So, a recent thread at Edge of the American West went in the direction of current proposals for infrastructure investment as a way of getting the American economy going again.
Now, as I much as I have personal reason to seethe about the way that our American connection is holding the Canadian economy back, I'm not sure that infrastructure spending will serve in a timely fashion.
That's not to say that it is a bad idea, and the example that leaped to mind -and no sooner mind than that awful empty comment box-- was the creation of the British National Grid, which was initiated during the 1926 slump and completed in 1938, thereby getting two economic downturns for the price of one.
So, if I have a factilicious take on the creation of the Electrical Grid that might inspire modern-day infrastructural-spending advocates, this would be the place for it, right?
Well, no. First of all, I need to have some pithy postings.
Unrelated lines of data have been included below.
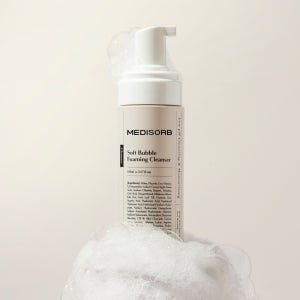 [약산성, 저자극]메디솝 소프트 버블 포밍 클렌저 150ml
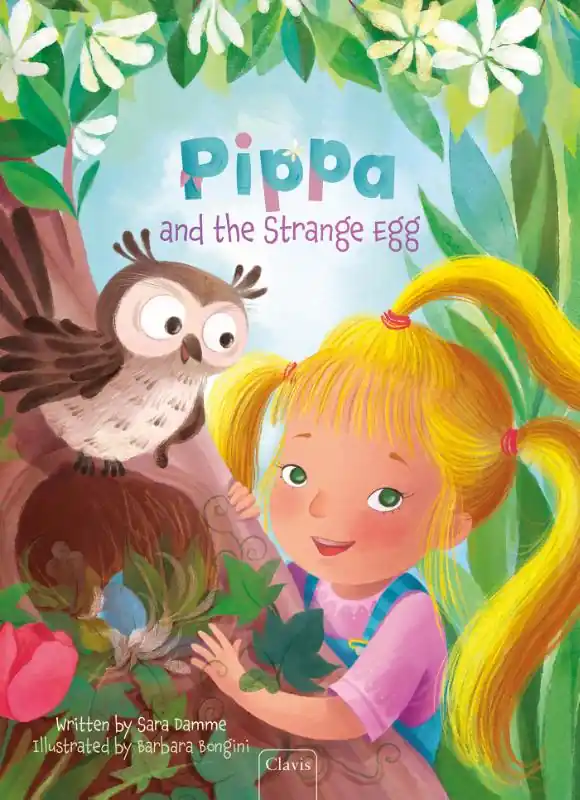 Pippa and the Strange Egg Express Levering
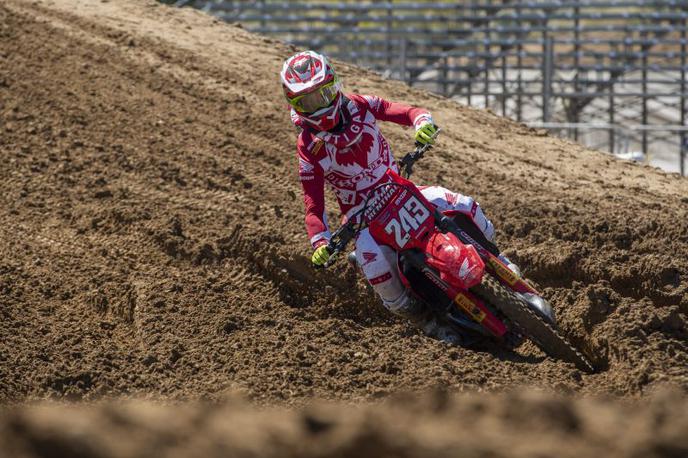 Španija Tim Gajser Honda | Tim Gajser | Foto Honda Racing/ShotbyBavo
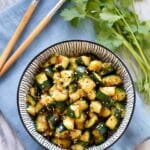 Sesame Ginger Zucchini Recipe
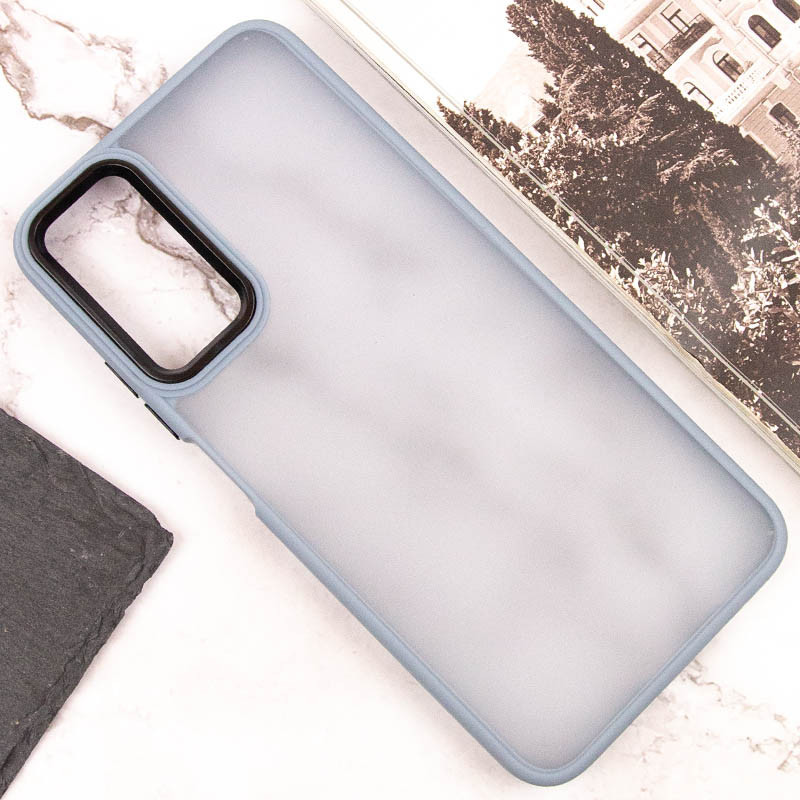 Чохол TPU + PC Lyon Frosted для Realme C33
Second, all I have right now is an inchoate idea about what will go into the "Industry" section of "I Will Run Away to the Air": Britain, the Air War, and the Industrial History of Strategy, 1919-1945, in the event that I ever get to write it.
Now, I do promise to write such a posting, but it will require a library day, and I'm not keen on making that trip today, on account of having to do laundry and then go to bed early, since it is inventory day at work tomorrow and I will be in awfully early, and anyway there might be someone working tomorrow --not to say more on that score at risk of jinxing myself.